NeurIPS 2020

BanditPAM: Almost Linear Time k-Medoids Clustering via Multi-Armed Bandits

Review 1

Summary and Contributions: This paper addresses how to use bandits to accelerate computation for the Partitioning Around Mediods algorithm (PAM). PAM is a heuristic to solve the k-mediods problem which is in general NP-Hard. The authors follow a line of work established by previous works they’ve cited whereby, objectives that are written as a sum can be subsampled and approximated. This can lead to exponential speedups if only log(n) samples need to be taken to sufficiently approximate the sum on average. This relies on statistical assumptions on the data which the authors validate empirically. The main contribution is the Bandit-PAM algorithm, a way of accelerating the PAM algorithm from O(n^2) to O(n\log(n)) when k is O(1). Additionally, the authors provide a fast implementation of their method which may be of independent value to practitioners.

Strengths: The paper is, for the most part, clear and well written. The introduction is cleanly done and well-motivated, and it is a nice idea in general. Bandit-PAM appears to be 3.2x faster in wall clock time, compared to past work. The algorithm is decently straightforward, and the statistical assumptions made on the data are well validated in the appendix.

Weaknesses: The empirical results are confusingly presented. Leading up to them, the authors discuss how their method is faster than others. However, in experiments, they do not provide a plot or a discussion of wall-clock time speedups. They do provide a comparison of the loss achieved compared to other methods, but they achieve the same loss as FAST-PAM. This leads the reader to believe that their method does not improve over baselines, when in fact the guarantee from their analysis seems to be that they can achieve the same loss as other methods but take much less time. If this is the story they wish to tell in this work, this needs to be made more prominent. Additionally, the paper does not feel entirely self-contained. Because I am familiar with other works cited in the related works, the reduction from \sum_i 1/\Delta_i^2 to an O(n/\log(n)) speedup is immediate to me. However, for readers not familiar with Bagaria et al., 2018 this is more mysterious and ought to be covered more thoroughly, if only by example, in the appendix of this result as well. The comparison to fast-PAM1 feels like a bait and switch since a fair bit of the main body mentions it, but then it is not included in experiments and barely covered in the appendix.

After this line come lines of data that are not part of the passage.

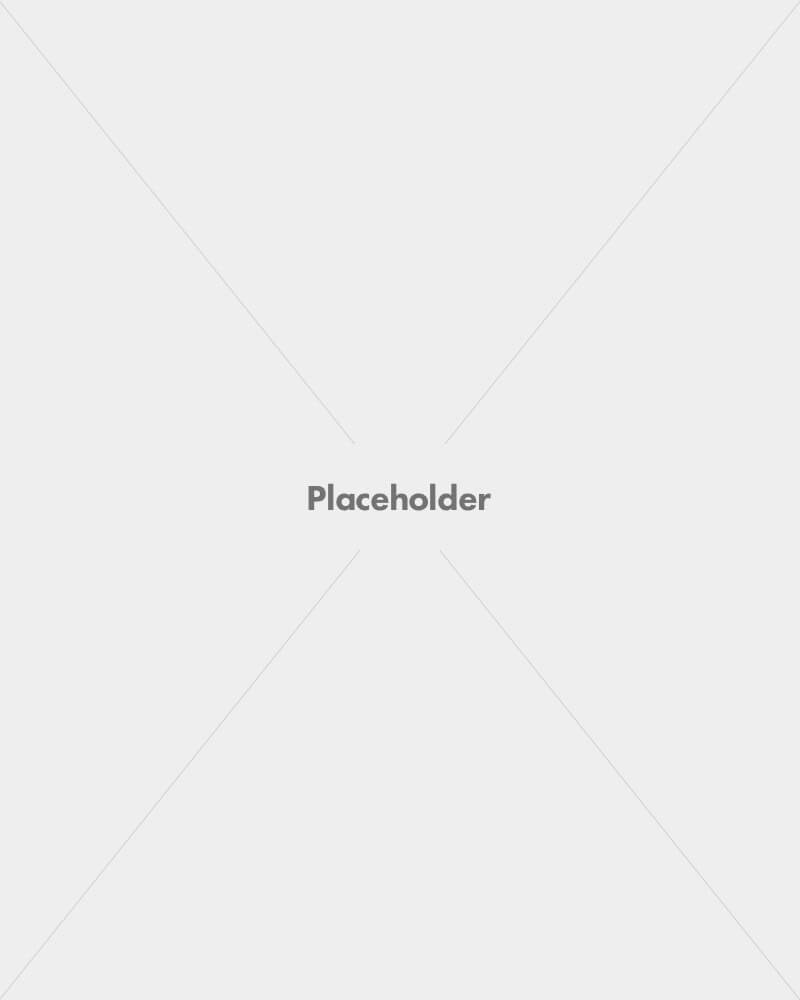 placeholder-800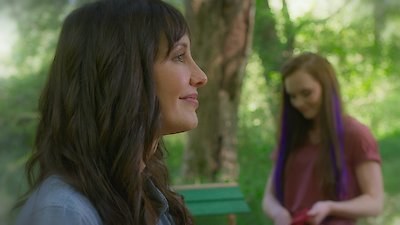 These Stones Season 1 Episode 4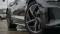 2024 Audi RS e-tron GT in Selma, TX 2 - Open Gallery
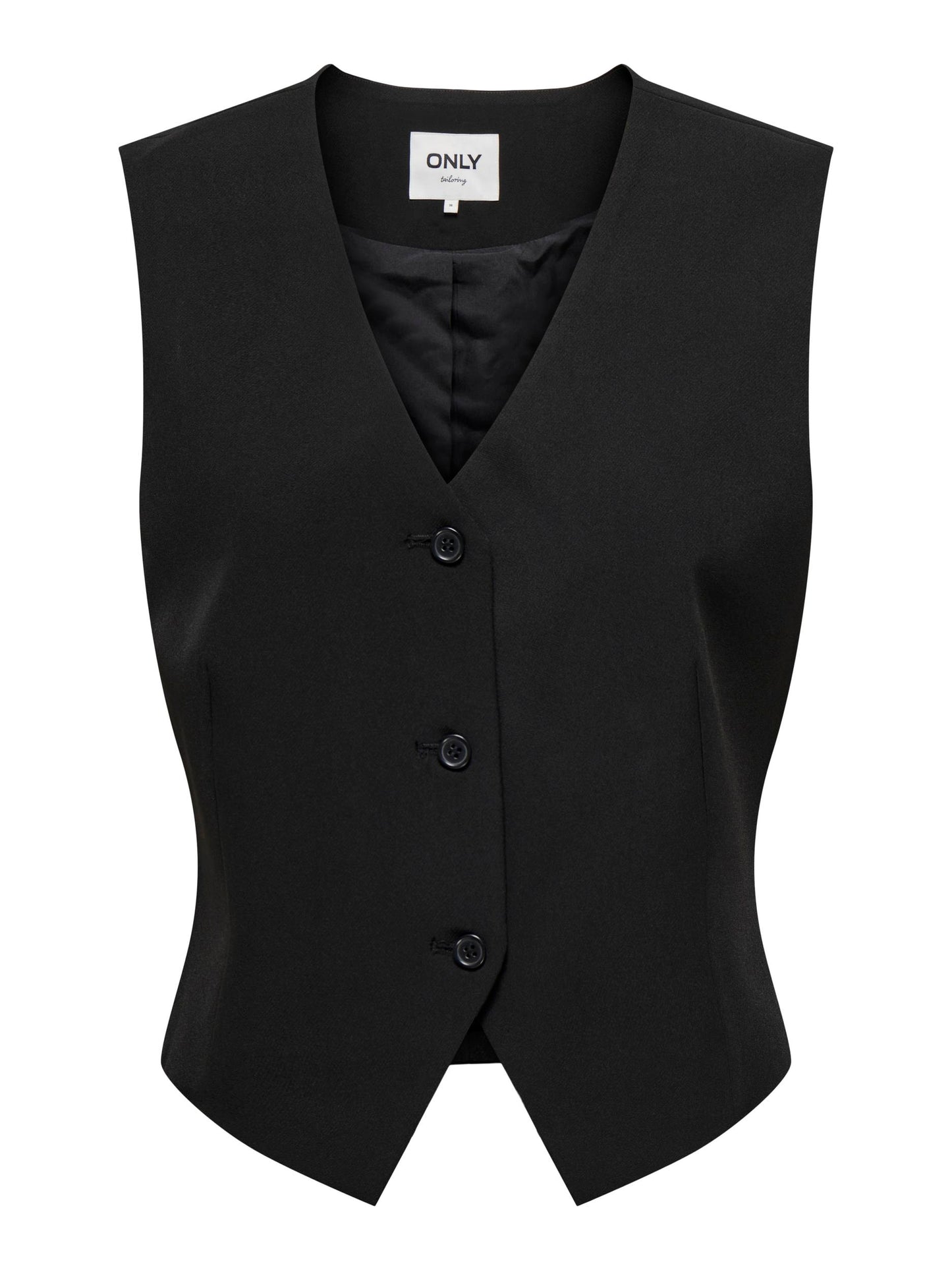 ONLKAYLE-ORLEEN LIFE WAISTCOAT TLR NOOS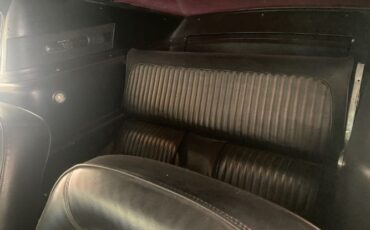 Unknown-Mustang-1968-5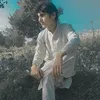 BarbaraMelton - @zeeckojplk1 - TikTok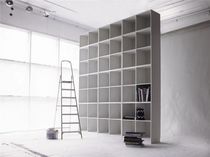 bookcase for schools ANNE  HORREDS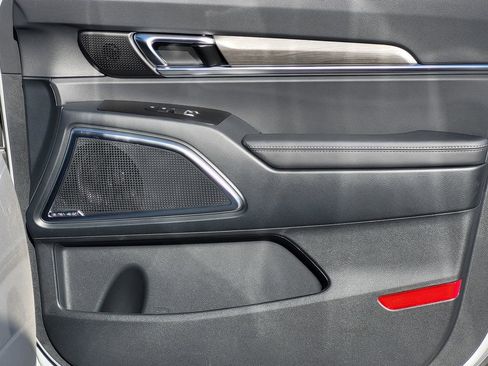 New 2025 Kia Telluride SX Prestige X-Line image 15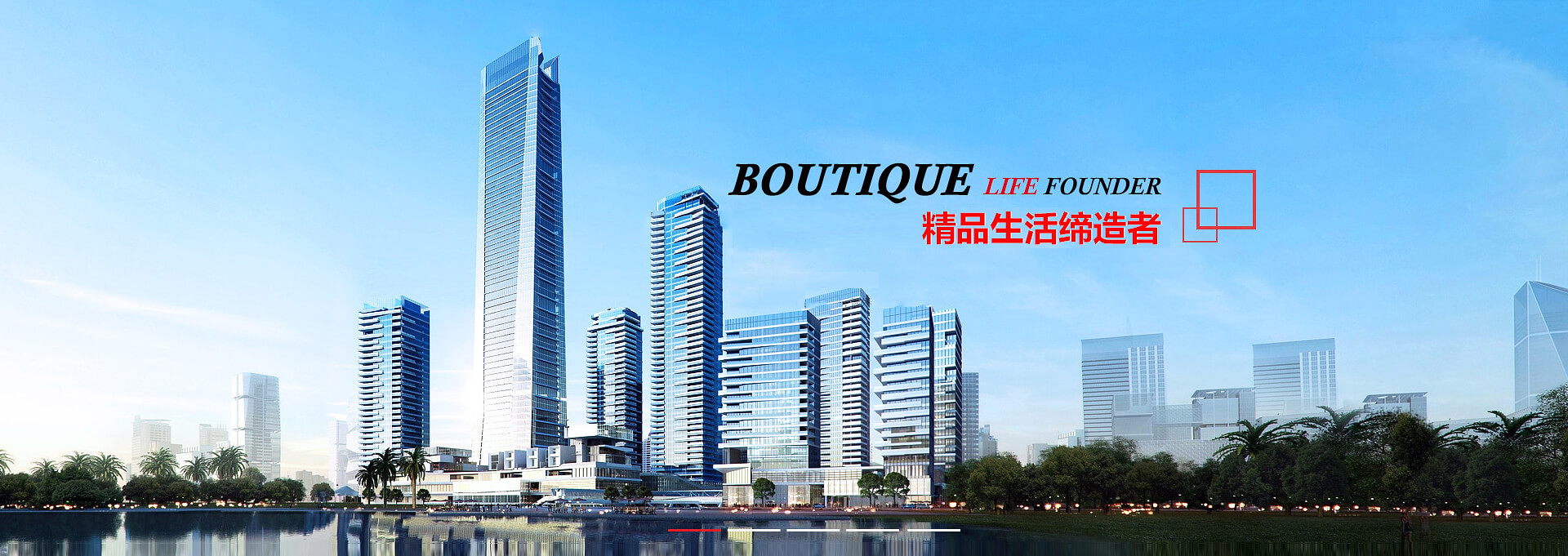 镇沅建站-广州隆和通信科技有限公司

Correctness: The theoretical guarantees all seem correct after a quick glance through the proof of Theorem 2, though the connection between Theorem 2 and Theorem 1 could be clearer. Additionally, in line 171, the authors state that their method is an adaptation of the standard UCB algorithm. This is not correct. In fact, their method as written is an adaptation of successive elimination instead by Even-Dar et al., 2002.

Clarity: As discussed in the weaknesses, the discussion around the results section could be much clearer. FAST-PAM1 also should be explained more carefully. Readers familiar with related work may be surprised to not see any analysis of the dimension of vectors d in this work, and the fact that the authors assume distances can be computed in O(1) time rather than O(d). Certainly, the ideas are not specific to subsampling distances, but it is worth stating this explicitly for the reader. Additionally, the dispersion parameter \simga_x is referenced before it is defined. I thought the experiments were well done and interesting. I would encourage the authors to include an additional supplementary experiment section in the appendix to include further details that cannot fit in the main body. In particular, the MOOC example seemed cool, but was not covered too thoroughly. One question in this vein I had: how were the confidence intervals computed? They seem very tight given than only 10 repetitions were performed.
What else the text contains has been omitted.